Elon Musk’s SpaceX is on a different astronomical plane, with aspirations to bring human habitation to Mars. In the meantime, he has a procession of clients that want to use his Dragon spacecraft to project commercial broadcasting communication satellites, GPS satellites, mapping and science experiments into space. Dragon was the first orbital (beyond suborbital altitude) commercial space vessel to plug into ISS in 2012. In December of last year, SpaceX landed its Falcon 9 rocket on land, and more recently in the middle of the Pacific Ocean after a massive explosion earlier in 2015.

How much does it currently cost?

A ride on Virgin Galactic costs $250,000, while a trip on the one-passenger Lynx currently sells for $150,000.

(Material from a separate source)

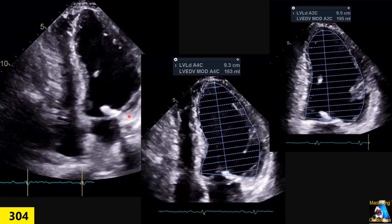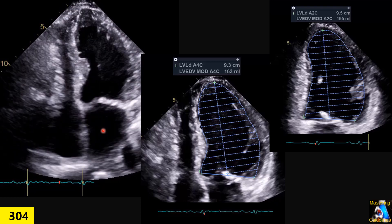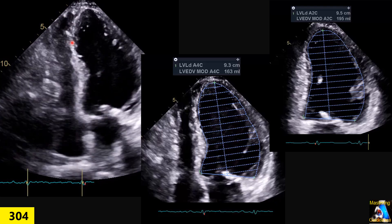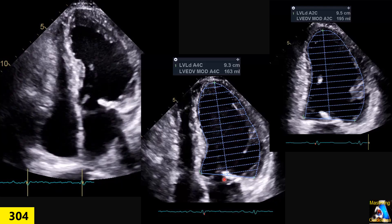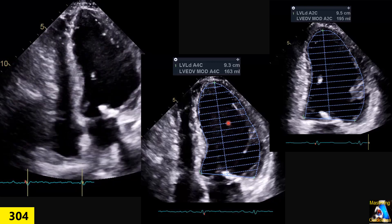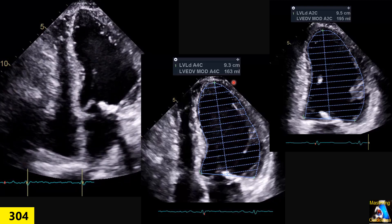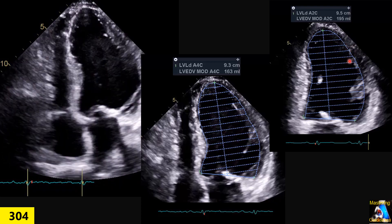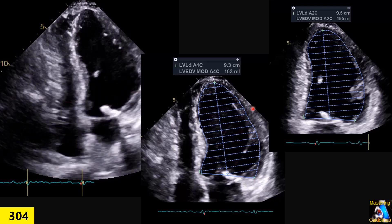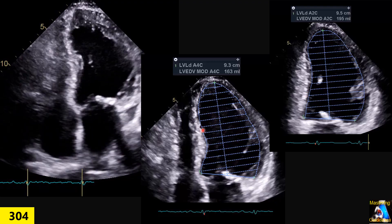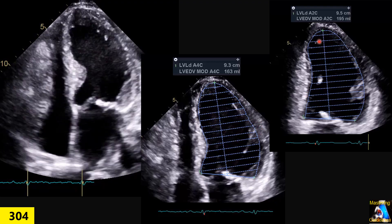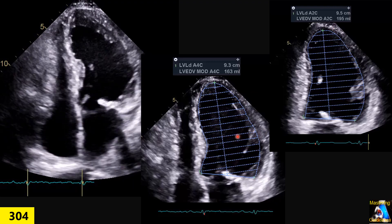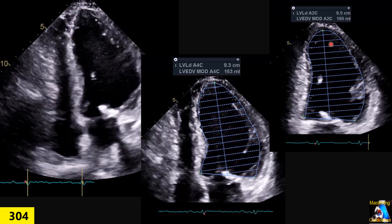The patient's left ventricular volume was measured at the apical 4-chamber view, as you can see. The left ventricular end-diastolic volume measured 160.3 milliliters in the apical 4-chamber view, and 195 milliliters in the apical 2-chamber view. Are either of these correct or wrong? How do you explain this discrepancy between the apical 4 and apical 2 views?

The biggest focus in the industry right now is to create reusable rockets that can return to Earth without frying upon reentry. SpaceX intends to send an astronaut to the space station for $20m, versus $70m charged by Russia for a seat on a Soyuz rocket. The hope is that space missions will eventually be launched for around $200,000.

Twenty-year NASA veteran Don Thomas, who has traveled on four space shuttle missions, said, “I would think that, in a decade or so, you will see flights to space for $10,000 to $15,000. Space travel will be more in line with an exotic trip to Antarctica.”

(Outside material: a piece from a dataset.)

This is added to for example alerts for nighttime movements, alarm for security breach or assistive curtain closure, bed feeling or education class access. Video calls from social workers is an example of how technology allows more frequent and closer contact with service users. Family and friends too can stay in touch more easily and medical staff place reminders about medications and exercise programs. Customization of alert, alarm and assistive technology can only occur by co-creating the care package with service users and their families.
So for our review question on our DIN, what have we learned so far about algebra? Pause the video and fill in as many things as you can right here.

And private investors are remarkably bullish on space tourism, which could influence further commercialization and the development of cheaper technologies. According to the consultancy firm The Tauri Group, $1.8 billion was injected into the industry in 2015, nearly twice as much venture capital as it received over the last 15 years combined.

How safe is it though?

Congress gave the industry an eight-year grace period that will apparently keep the Federal Aviation Administration from policing activity and stunting potential growth. But a number of high-profile operational failures have lawmakers nervous.

A recent study found that in U.S. manned space programs, there were 17 fatalities during 732 flights. Or, in other words, 2,320 deaths per 100,000 passengers — 45,000 times more dangerous than flying in a commercial aircraft.

So, TL;DR: it’ll be a while yet before we’re jettisoning into space with cosmic cocktails in hand, but feel free to start practicing your moonwalk.